Dr. Paulette Sherman

Cancer Path Workbook


Book #9- The Create Your Own Cancer Path Workbook

(Volume 4 in a 4-book Cancer Path Series)

The Create Your Own Cancer Path Workbook
The Create Your Own Cancer Path Workbook

Now Available!

The Create Your Own Cancer Path Workbook is a workbook to help cancer patients keep track of their personal experience and story as they go through a most challenging treatment year.  It is a journal/workbook with ideas, springboards and exercises so that they can remember how they got through everything, what and who inspired them, the lessons they learned, and other personal notes.  They can use this workbook as a template for writing and publishing their own story later, if they wish.  This can also be a legacy for their children, grandchildren, and great-grand children to learn from their story.

I found writing to be very therapeutic and research shows that there are many benefits to cancer patients from journaling and leaving a legacy behind.  When I was in graduate school I learned about Michael White’s concept of Narrative Therapy.  White spoke about the importance of our stories in creating our identity descriptions.  He developed Narrative therapy to help people separate themselves from their problem, while externalizing their values, beliefs, behaviors, and ideals.  This in turn makes the person more aware of subplots, themes, roles and possibilities in their story.

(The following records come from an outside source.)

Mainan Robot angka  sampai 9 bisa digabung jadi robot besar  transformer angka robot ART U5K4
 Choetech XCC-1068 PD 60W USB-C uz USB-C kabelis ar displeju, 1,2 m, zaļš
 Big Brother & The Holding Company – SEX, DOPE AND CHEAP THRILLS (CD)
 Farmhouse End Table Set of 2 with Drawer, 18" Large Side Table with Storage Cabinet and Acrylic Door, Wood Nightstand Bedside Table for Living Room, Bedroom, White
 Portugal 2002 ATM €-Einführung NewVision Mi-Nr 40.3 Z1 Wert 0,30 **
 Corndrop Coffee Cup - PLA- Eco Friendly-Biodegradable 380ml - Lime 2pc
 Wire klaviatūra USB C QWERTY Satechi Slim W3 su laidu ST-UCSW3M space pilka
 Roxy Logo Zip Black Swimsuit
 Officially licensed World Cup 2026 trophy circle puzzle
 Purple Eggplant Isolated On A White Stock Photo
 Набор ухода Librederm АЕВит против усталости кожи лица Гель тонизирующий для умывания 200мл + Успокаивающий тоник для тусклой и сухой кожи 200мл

Becoming the heroine of your cancer story allows you to reflect on what you’ve learned, what worked and didn’t work for you, where you could grow, the characters in your life and other relevant issues.  It encourages you to take control over your life and story.

Research shows that writing is therapeutic for patients with illness and cancer.  One oncology study suggested that one 20-minute writing session may change how cancer patients think and feel about their diagnosis and have a positive impact on their quality of life.

In Psychosomatic Medicine a study reported that HIV patients who wrote about their worries for 30 minutes a day for four days straight experienced a drop in their viral load and a rise in infection-fighting t-cells.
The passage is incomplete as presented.